## TASK TO COMPLETE
Each line below must be reproduced exactly, though the pictures are to be dropped.

## DATA EXTRACT
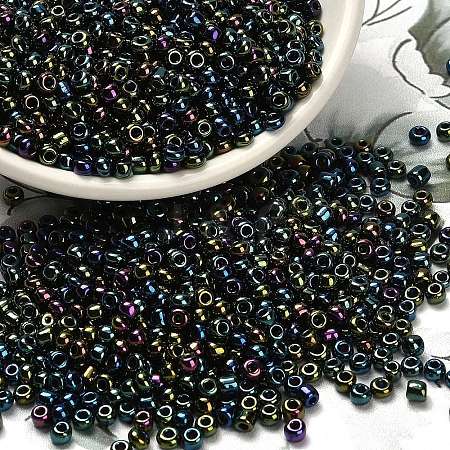 FGB 6/0 Grade A Round Glass Seed Beads SEED-Q008-4mm-F605-1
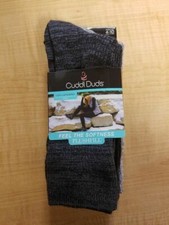 CUDDL DUDS WOMEN'S LEG LAYERING CREW SOCK 6PK SHOE SIZE 4-10 CHECK FOR COLOR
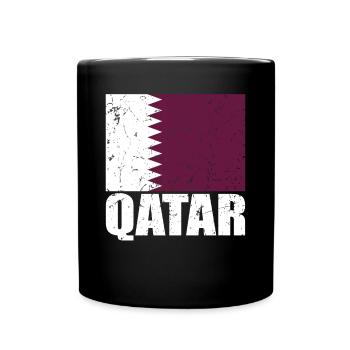 Qatar Flag - Full Colour Mug - black - Front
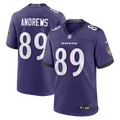 Baltimore Ravens Mark Andrews Purple Team Game Football Jersey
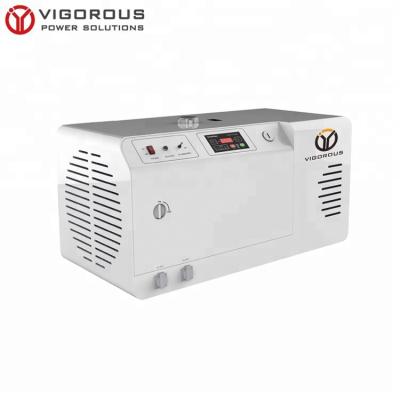 China Household Gasoline/LPG/Natural Gas/Natural Gas/LPG Silent Air Cooled Gasoline Powered Silent Generator 5KW for sale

## RESULT OF THIS TASK
 FGB 6/0 Grade A Round Glass Seed Beads SEED-Q008-4mm-F605-1
 CUDDL DUDS WOMEN'S LEG LAYERING CREW SOCK 6PK SHOE SIZE 4-10 CHECK FOR COLOR
 Qatar Flag - Full Colour Mug - black - Front
 Baltimore Ravens Mark Andrews Purple Team Game Football Jersey
 China Household Gasoline/LPG/Natural Gas/Natural Gas/LPG Silent Air Cooled Gasoline Powered Silent Generator 5KW for sale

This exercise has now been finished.